=== Data records ===

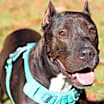 Thumbnail photo of Daedra #1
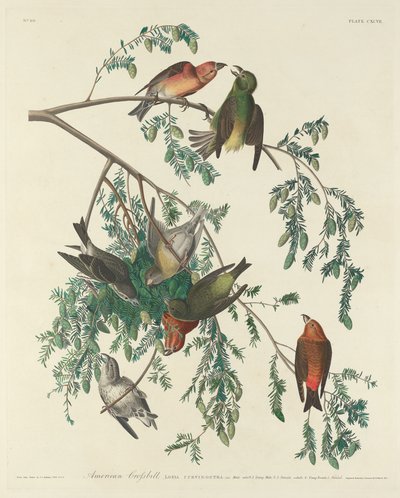Amerikansk korsnæb af Robert Havell after John James Audubon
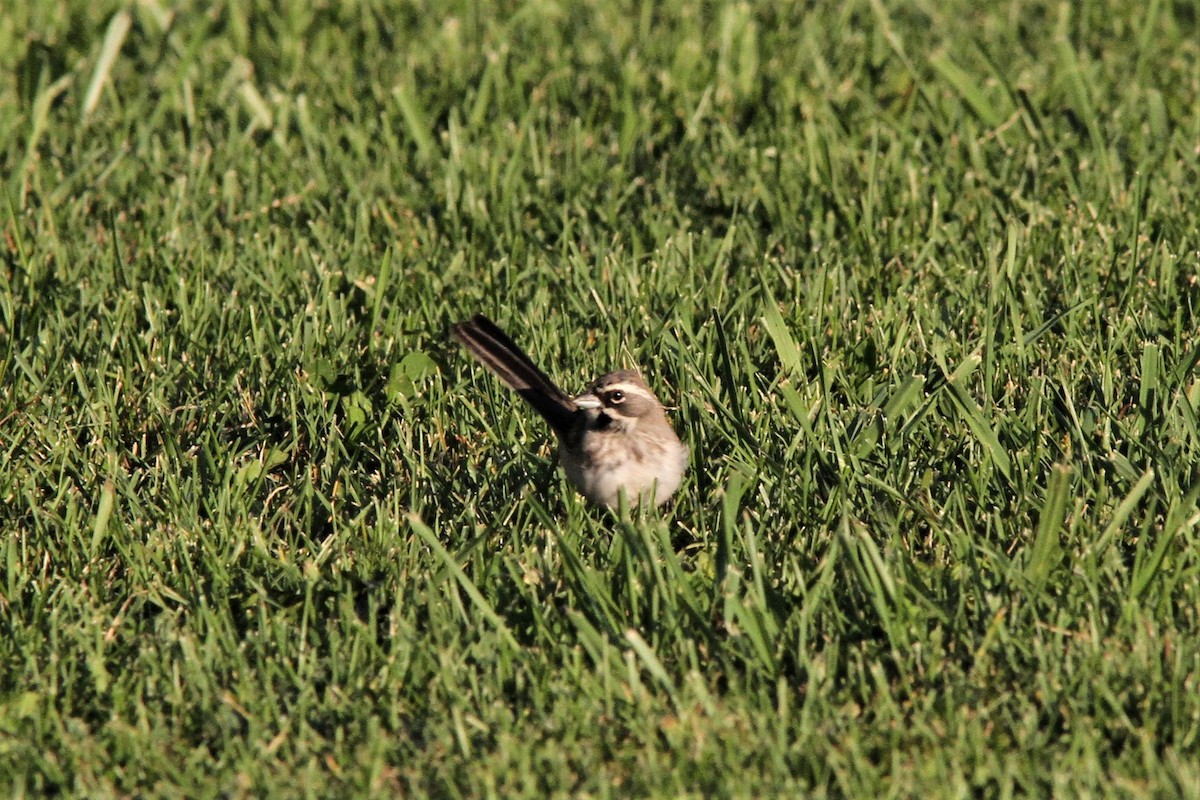 Black-throated Sparrow - Garth V. Riley
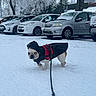 dog, french_bulldog, snow, winter, coat, leash, parked_cars, tree, snowy_ground, outdoor, animal, pet, cold_weather, vehicle, gray_car, white_car, black_coat, red_harness, walking, daytime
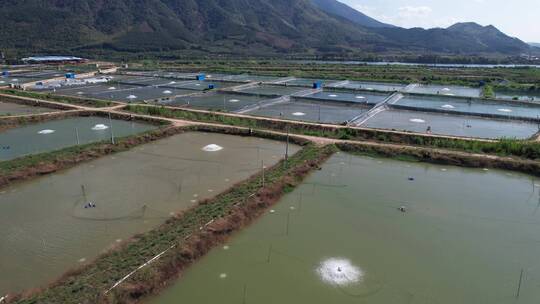 渔场 养殖鱼 生态鱼养殖基地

=== Work instruction ===
Please output an exact repetition of the lines from the line containing "Black-throated Sparrow - Garth V. Riley" to the end of the records, both included, with no pictures and no additional text.

=== Answer for the task ===
 Black-throated Sparrow - Garth V. Riley
 dog, french_bulldog, snow, winter, coat, leash, parked_cars, tree, snowy_ground, outdoor, animal, pet, cold_weather, vehicle, gray_car, white_car, black_coat, red_harness, walking, daytime
 渔场 养殖鱼 生态鱼养殖基地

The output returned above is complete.